Elasticsearch 2.4.3 very high cpu usage

ES version :2.4.3
java version:1.8.0_121
Java HotSpot(TM) 64-Bit Server VM (build 25.121-b13, mixed mode)

My production ES nodes just only one,it is master node and also the data node ,it have 4 CPUs, and 8 GB RAM,ES heap size is 3900M,1 indices

elasticsearch.yml:

node.name: node_master
node.master: true
node.data: true
http.cors.enabled: true
http.cors.allow-origin: "*"
http.cors.allow-headers: Authorization
action.auto_create_index: true
script.inline: on
script.indexed: on

Start the ES command:

nohup ./elasticsearch -Des.insecure.allow.root=true

We use logstash to synchronize MySQL data to ES and use the ES client api to batch delete expired data every day at 1am,online data is maintained at around 500 Mbp,it has been running normally for more than a year.

logstash jdbc.conf:

jdbc_driver_class => "com.mysql.jdbc.Driver"
jdbc_paging_enabled => "true"
jdbc_page_size => "50000"
jdbc_fetch_size => "50000"
use_column_value => "true"
record_last_run => "true"
tracking_column => "updatetime"
last_run_metadata_path => "/usr/elasticsearch/logstash-2.4.1/run_metadata"
statement_filepath => "jdbc.sql"

It suddenly had a problem last night, the cpu was very high, I used the top command to query, the result shows 376%.

jstat -gc pid

I didn't see a frequent GC happening

I tried to rebuild indices and the problem still exists.

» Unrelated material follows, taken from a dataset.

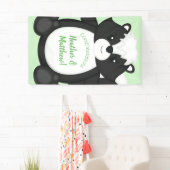 Banderoles Baby shower Skunk Green (En situation)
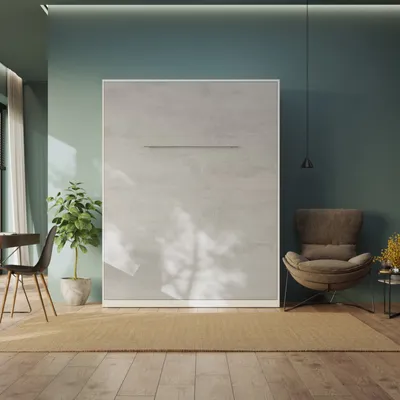 Produktbild von Schrankbett SMARTBett 160x200cm Vertikal  Klappbett & Wandbett Weiss/Beton mit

The strange thing is that I can use the ES of the test environment to run normally.It have 2 CPUS and 4G RAM,ES heap size is 1900M

Hot threads
1、hot_log_1
2、hot_log_2
3、hot_log_3

What is the output of:

GET /
GET /_cat/nodes?v
GET /_cat/health?v
GET /_cat/indices?v
# Optionally 
GET /_cat/shards?v

If some outputs are too big, please share them on gist.github.com and link them here.

Please format your code, logs or configuration files using </> icon as explained in this guide and not the citation button. It will make your post more readable.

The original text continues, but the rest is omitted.